──────── RECORDS PROVIDED
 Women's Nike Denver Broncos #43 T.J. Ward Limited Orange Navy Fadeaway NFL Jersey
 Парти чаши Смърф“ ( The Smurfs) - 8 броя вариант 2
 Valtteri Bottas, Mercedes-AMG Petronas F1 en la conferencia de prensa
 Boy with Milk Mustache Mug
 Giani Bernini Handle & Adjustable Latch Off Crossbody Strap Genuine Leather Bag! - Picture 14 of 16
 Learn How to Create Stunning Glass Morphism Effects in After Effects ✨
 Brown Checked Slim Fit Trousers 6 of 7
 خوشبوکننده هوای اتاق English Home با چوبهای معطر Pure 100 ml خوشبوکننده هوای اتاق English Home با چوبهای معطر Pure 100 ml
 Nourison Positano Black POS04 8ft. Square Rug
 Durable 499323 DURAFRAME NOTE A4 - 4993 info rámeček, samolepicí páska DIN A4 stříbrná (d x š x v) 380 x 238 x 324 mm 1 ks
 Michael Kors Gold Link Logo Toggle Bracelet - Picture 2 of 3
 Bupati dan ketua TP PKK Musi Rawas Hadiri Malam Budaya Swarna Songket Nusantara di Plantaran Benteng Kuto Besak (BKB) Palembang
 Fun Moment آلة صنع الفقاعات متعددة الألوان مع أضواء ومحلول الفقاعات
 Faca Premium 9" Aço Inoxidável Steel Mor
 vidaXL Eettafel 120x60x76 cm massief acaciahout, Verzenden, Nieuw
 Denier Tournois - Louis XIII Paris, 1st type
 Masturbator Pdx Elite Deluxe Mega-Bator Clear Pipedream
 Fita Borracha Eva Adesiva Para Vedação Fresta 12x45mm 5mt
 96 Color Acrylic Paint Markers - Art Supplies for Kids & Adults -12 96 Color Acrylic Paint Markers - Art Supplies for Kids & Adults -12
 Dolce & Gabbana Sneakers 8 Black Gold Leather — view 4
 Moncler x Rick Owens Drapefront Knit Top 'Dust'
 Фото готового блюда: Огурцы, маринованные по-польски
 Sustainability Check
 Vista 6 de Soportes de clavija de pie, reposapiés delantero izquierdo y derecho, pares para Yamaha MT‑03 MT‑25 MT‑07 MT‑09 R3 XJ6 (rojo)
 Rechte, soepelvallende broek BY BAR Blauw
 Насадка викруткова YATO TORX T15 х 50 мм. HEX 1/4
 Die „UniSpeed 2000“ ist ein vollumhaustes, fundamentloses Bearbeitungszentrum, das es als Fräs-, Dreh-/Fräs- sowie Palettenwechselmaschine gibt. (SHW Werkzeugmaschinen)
────────────────
-- YOUR TASK --
All entries above should be duplicated exactly, none omitted.

-- OUTPUT --
 Women's Nike Denver Broncos #43 T.J. Ward Limited Orange Navy Fadeaway NFL Jersey
 Парти чаши Смърф“ ( The Smurfs) - 8 броя вариант 2
 Valtteri Bottas, Mercedes-AMG Petronas F1 en la conferencia de prensa
 Boy with Milk Mustache Mug
 Giani Bernini Handle & Adjustable Latch Off Crossbody Strap Genuine Leather Bag! - Picture 14 of 16
 Learn How to Create Stunning Glass Morphism Effects in After Effects ✨
 Brown Checked Slim Fit Trousers 6 of 7
 خوشبوکننده هوای اتاق English Home با چوبهای معطر Pure 100 ml خوشبوکننده هوای اتاق English Home با چوبهای معطر Pure 100 ml
 Nourison Positano Black POS04 8ft. Square Rug
 Durable 499323 DURAFRAME NOTE A4 - 4993 info rámeček, samolepicí páska DIN A4 stříbrná (d x š x v) 380 x 238 x 324 mm 1 ks
 Michael Kors Gold Link Logo Toggle Bracelet - Picture 2 of 3
 Bupati dan ketua TP PKK Musi Rawas Hadiri Malam Budaya Swarna Songket Nusantara di Plantaran Benteng Kuto Besak (BKB) Palembang
 Fun Moment آلة صنع الفقاعات متعددة الألوان مع أضواء ومحلول الفقاعات
 Faca Premium 9" Aço Inoxidável Steel Mor
 vidaXL Eettafel 120x60x76 cm massief acaciahout, Verzenden, Nieuw
 Denier Tournois - Louis XIII Paris, 1st type
 Masturbator Pdx Elite Deluxe Mega-Bator Clear Pipedream
 Fita Borracha Eva Adesiva Para Vedação Fresta 12x45mm 5mt
 96 Color Acrylic Paint Markers - Art Supplies for Kids & Adults -12 96 Color Acrylic Paint Markers - Art Supplies for Kids & Adults -12
 Dolce & Gabbana Sneakers 8 Black Gold Leather — view 4
 Moncler x Rick Owens Drapefront Knit Top 'Dust'
 Фото готового блюда: Огурцы, маринованные по-польски
 Sustainability Check
 Vista 6 de Soportes de clavija de pie, reposapiés delantero izquierdo y derecho, pares para Yamaha MT‑03 MT‑25 MT‑07 MT‑09 R3 XJ6 (rojo)
 Rechte, soepelvallende broek BY BAR Blauw
 Насадка викруткова YATO TORX T15 х 50 мм. HEX 1/4
 Die „UniSpeed 2000“ ist ein vollumhaustes, fundamentloses Bearbeitungszentrum, das es als Fräs-, Dreh-/Fräs- sowie Palettenwechselmaschine gibt. (SHW Werkzeugmaschinen)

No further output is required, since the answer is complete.